A: Yes and no. There are usually “two me’s” when I’m writing a book. The “Good Me” who recognizes that this is a terrible, terrible thing, and the “Bad Me” who looks at it and thinks, God, this is great stuff! But there came a point writing this book where after 40 hours a week of being steeped in Nazi pathology, I did slip into a low-grade depression. It really can’t NOT effect you.
Q: Why did the US appease the Hitler government?
A: Walter Moore wrote a statement at the time stating that we were “lynching Negores here in the United States” and in his home state, so that was one reason we couldn’t step out and get into Germay’s business. Also, Britain had just lost an entire generation of young men and wasn’t about to step into another war…
Q: Was Dodd up for the job?
A: Dodd didn’t get a fair shake in history. In a way, he did exactly what Roosevelt asked of him, which was to be a standing model of liberal American values in Germany. He really was in an untenable position. Most other diplomats of the day would have simply thrown lavish parties—Goebbels in particular had a sense of humor—vicious, but a sense of humor—and was in great demand at parties. Goebbels was also hated by the Nazi leadership, so he must have done something right!
Q: How do you weigh what’s credible when going off a diary and a memoir?

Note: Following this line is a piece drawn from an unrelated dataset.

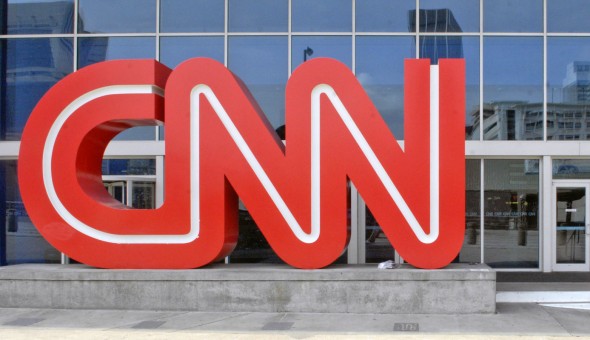 A CNN logo stands outside the CNN Center on Tuesday April 3,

A: It’s tough, but you can triangulate. In particular, Martha’s memoir leaves out entirely what was the great love of her life, so it’s really not super reliable, but eyewitness accounts at the time always beat eyewitness accounts handed down over generations. I got to talk to the daughter in law of the man who rented the Dodd’s his home, and she was absolutely certain that they only rented the bottom first floor, when all the correspondence and documentation at the time corroborates that they rented the bottom three floors.

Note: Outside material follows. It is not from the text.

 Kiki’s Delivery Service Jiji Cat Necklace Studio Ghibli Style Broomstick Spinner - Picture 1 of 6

Q: If you had to write a book report on your book, like I do, what is the most important aspect to highlight?
A: I’m not going to help you!
Q: Would you write another book about Anti-Semitism in America?
A: Usually when I’m done with a book, I’m done. But if I found a story that met all my criteria, I may do another book about that and in fact I have an idea that I’m not going to share, but I might just do that in another book. Not my next book, as I don’t want to get pigeonholed, but maybe the book after that.
Q: Are we living through the same thing now?
A: No. But maybe. Probably the closest thing currently going on in my opinion is what’s going on with the president of Iran. Does he have nuclear weapons or not? Does it matter? They’re threatening to wipe out the entire Israeli state, do we take that seriously?
In many ways, I think Roosevelt had it easy compared to Obama. But I may be in the minority in that opinion.